## [WHAT THE EXERCISE ASKS]
Each entry should be copied as it stands, leaving the pictures behind.

(Crawled caption data)

☆ ☆ ☆ ☆

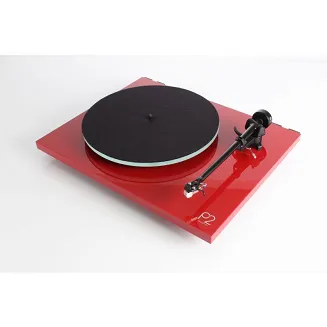 Gramofon Rega Planar 2 (Czerwony, wkładka Nd3) - 4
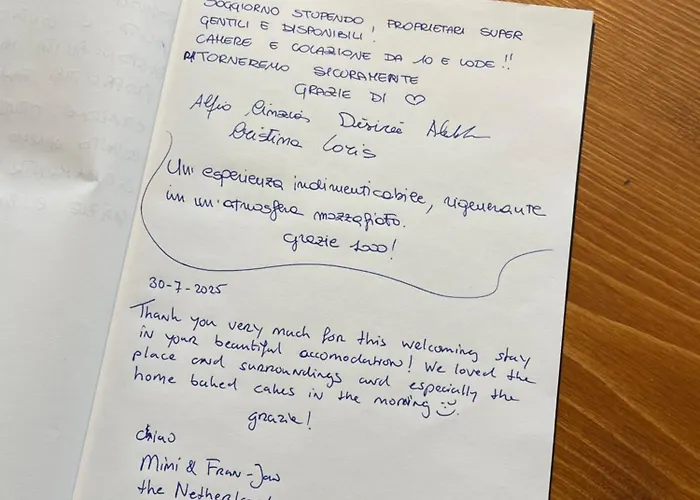 Cascina Ricardin ファームステイ Coazzolo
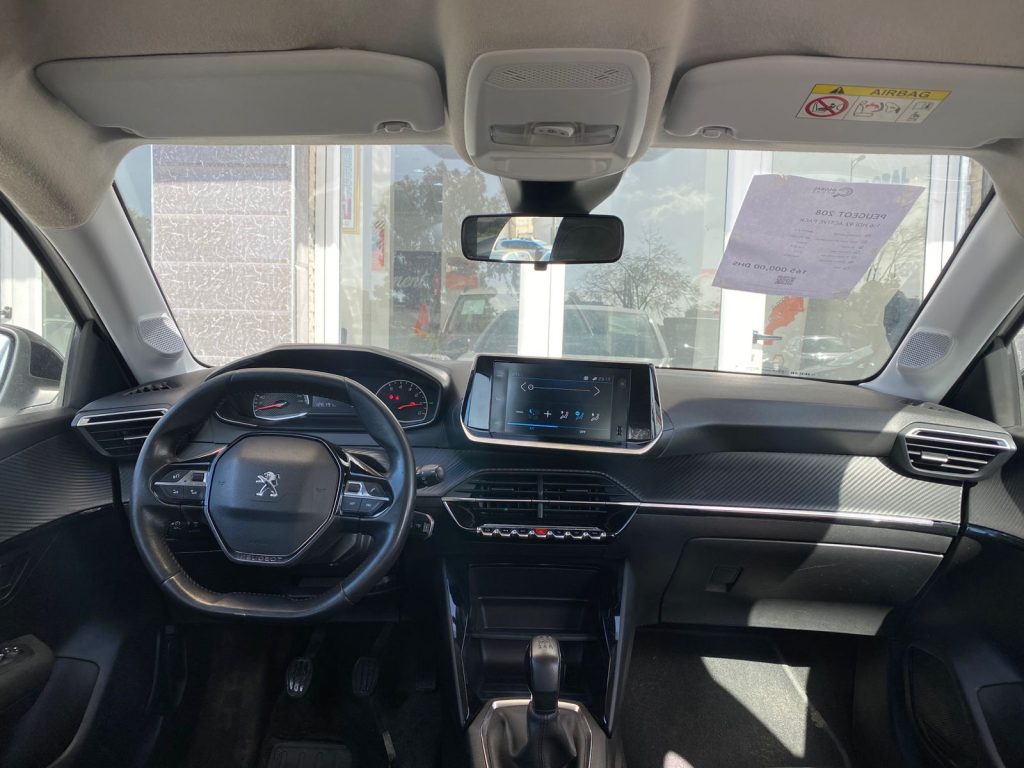 PEUGEOT 208 1.6 HDi ActivePack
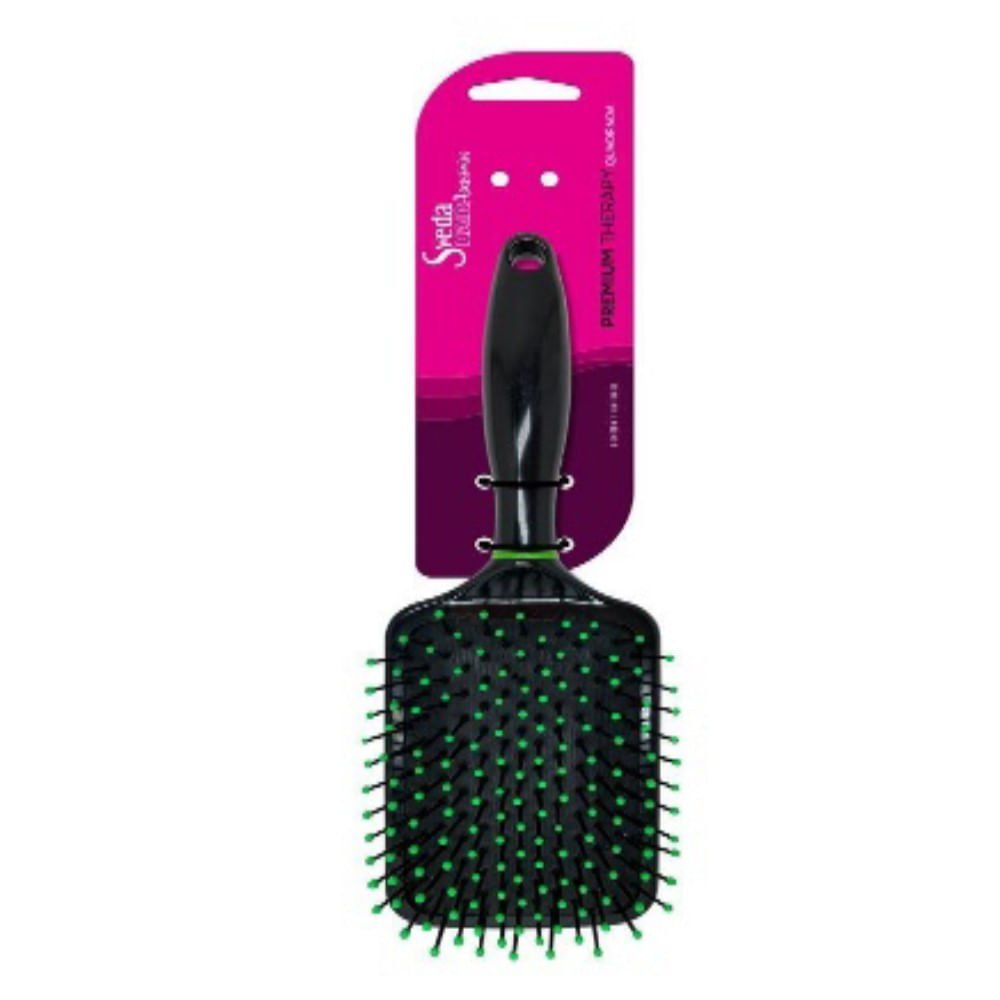 Escova de Cabelo Sveda Hair Premium Therapy Quadrada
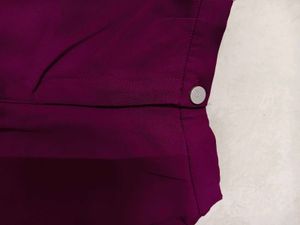 Chic Plum Co-ord Set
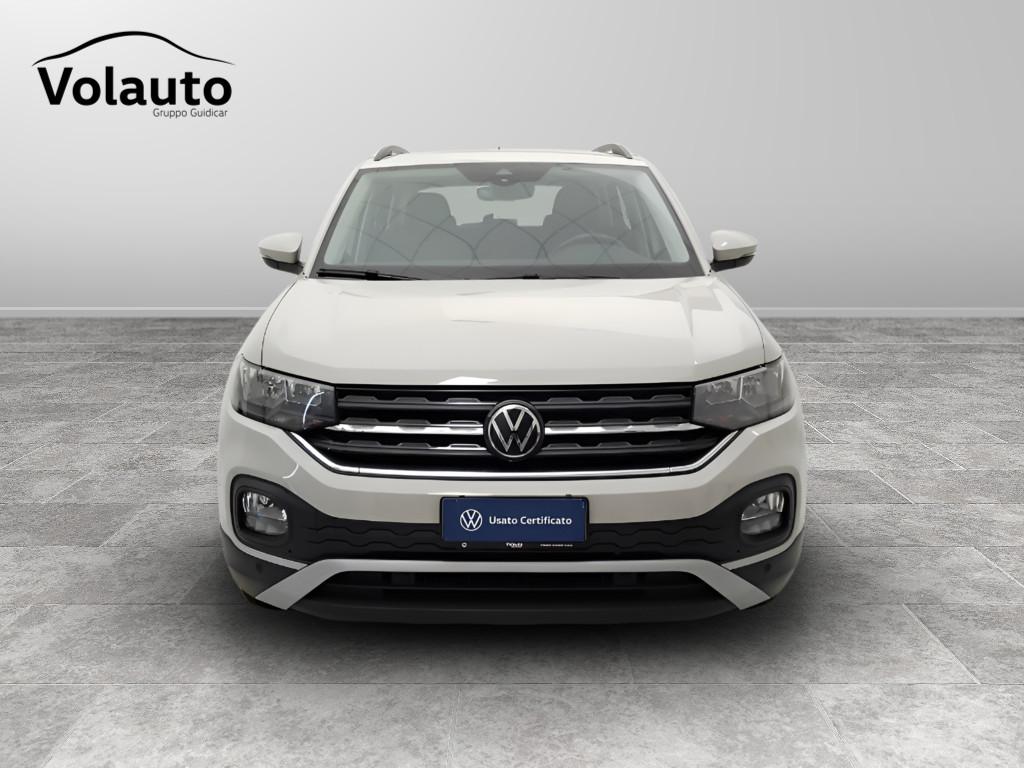 VOLKSWAGEN T-Cross 2019 - T-Cross 1.0 tsi Style 95cv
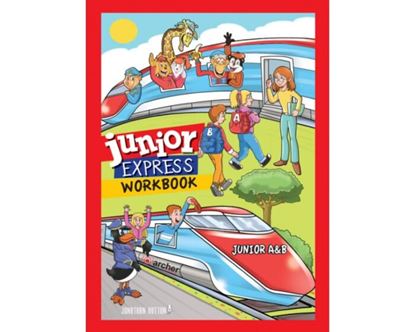 Εικόνα της JUNIOR EXPRESS JUNIOR A & B WORKBOOK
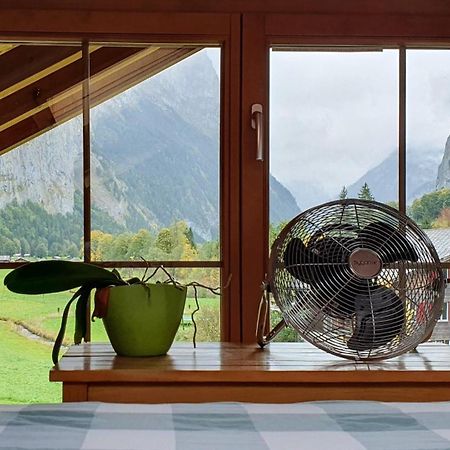 Apartment Honegg Lauterbrunnen Luaran gambar
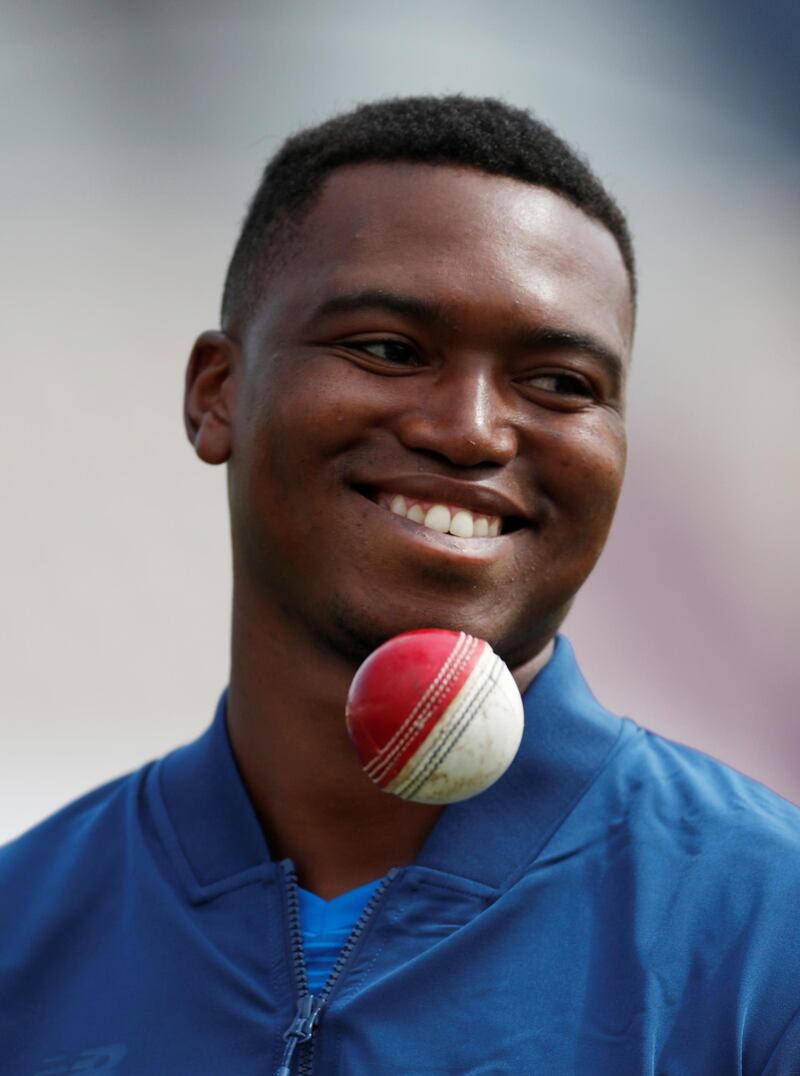 Lungi Ngidi (South Africa): The fast bowler will return to the line-up after recovering from a hamstring injury and will be eager to make up for lost time. New Zealand's batsmen must be a little wary. Paul Childs / Reuters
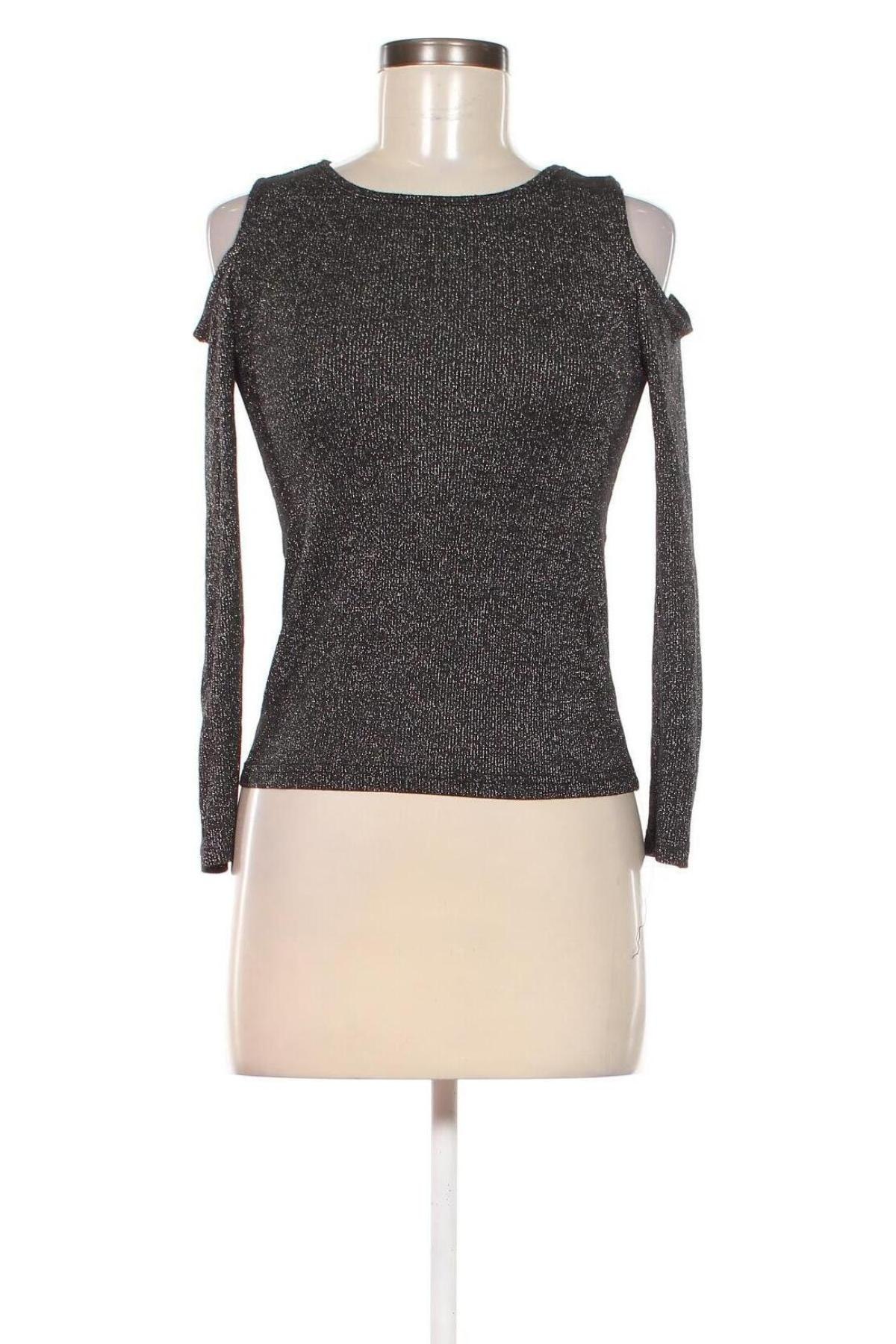 Damen Shirt Atmosphere, Größe M, Farbe Grau, Preis € 4,99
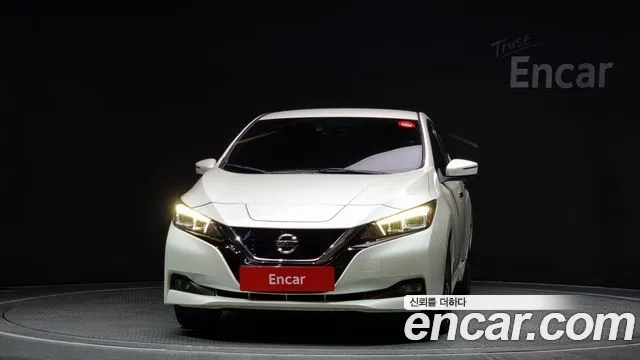 Nissan Leaf (ZE1) id 2945860 из Кореи 13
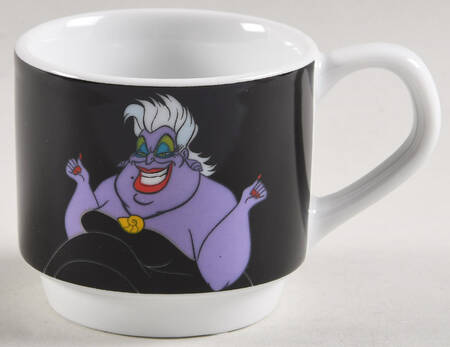 Disney Villians Espresso Cup/Mug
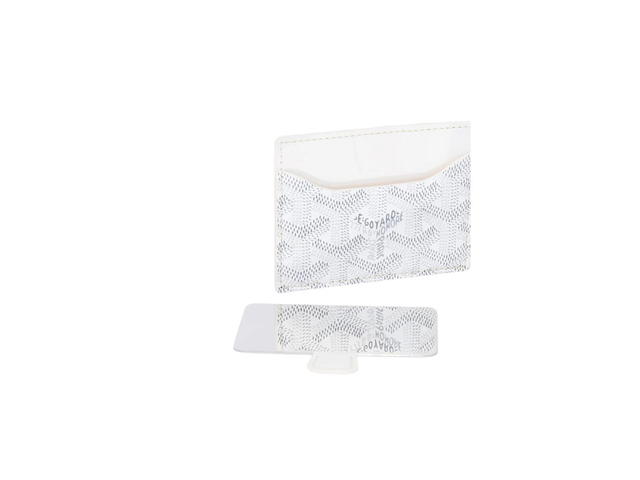 Goyard Goyard Vénus Bag Mirror White - view 2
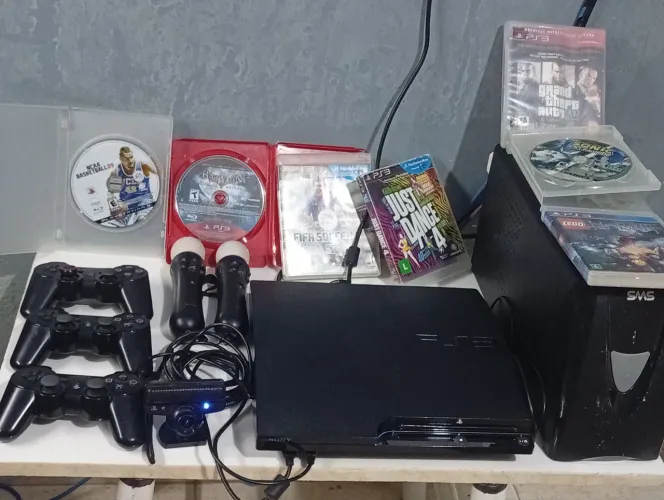 Ps3 CFW+move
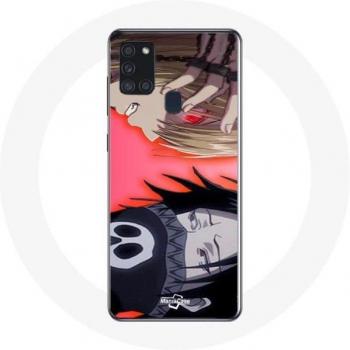 Hunter x Hunter Galaxy A21S Case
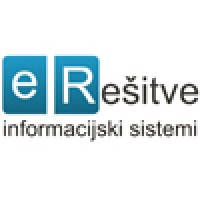 E-Rešitve, informacijski sistemi d.n.o. logo - Similar company to E-Solutions Software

☆ ☆ ☆ ☆

## [TASK RESPONSE]
 Gramofon Rega Planar 2 (Czerwony, wkładka Nd3) - 4
 Cascina Ricardin ファームステイ Coazzolo
 PEUGEOT 208 1.6 HDi ActivePack
 Escova de Cabelo Sveda Hair Premium Therapy Quadrada
 Chic Plum Co-ord Set
 VOLKSWAGEN T-Cross 2019 - T-Cross 1.0 tsi Style 95cv
 Εικόνα της JUNIOR EXPRESS JUNIOR A & B WORKBOOK
 Apartment Honegg Lauterbrunnen Luaran gambar
 Lungi Ngidi (South Africa): The fast bowler will return to the line-up after recovering from a hamstring injury and will be eager to make up for lost time. New Zealand's batsmen must be a little wary. Paul Childs / Reuters
 Damen Shirt Atmosphere, Größe M, Farbe Grau, Preis € 4,99
 Nissan Leaf (ZE1) id 2945860 из Кореи 13
 Disney Villians Espresso Cup/Mug
 Goyard Goyard Vénus Bag Mirror White - view 2
 Ps3 CFW+move
 Hunter x Hunter Galaxy A21S Case
 E-Rešitve, informacijski sistemi d.n.o. logo - Similar company to E-Solutions Software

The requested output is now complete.